What needs to be done: Leave out all pictures and retype exactly the lines from the one with "Anti-ITPA Antibody" through the last line of the material.

Data extract:

━━━━━━

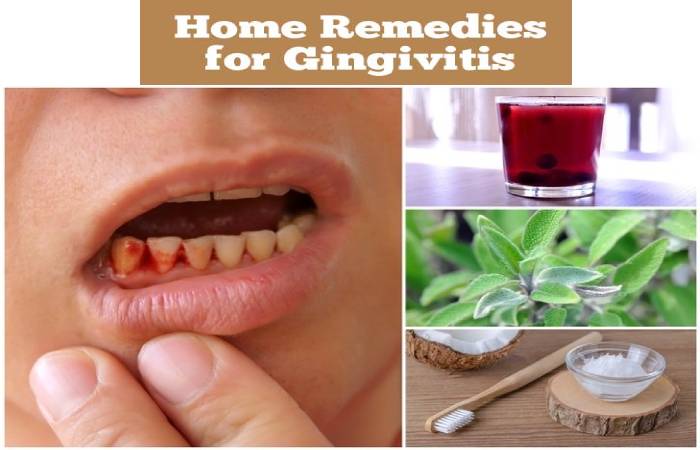 gingivitis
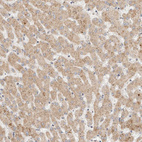 Anti-ITPA Antibody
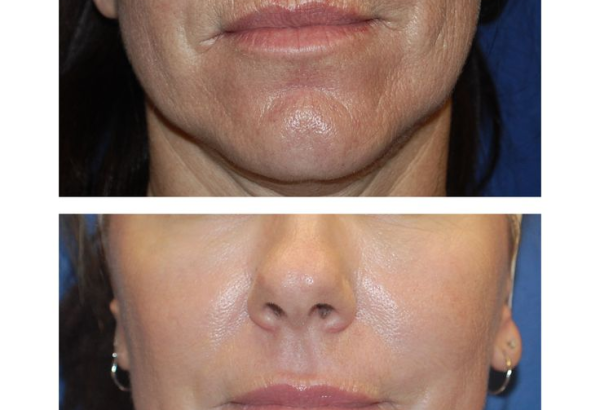 undefined (8) Fine Lines and Wrinkles Reduction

━━━━━━

Answer box:
 Anti-ITPA Antibody
 undefined (8) Fine Lines and Wrinkles Reduction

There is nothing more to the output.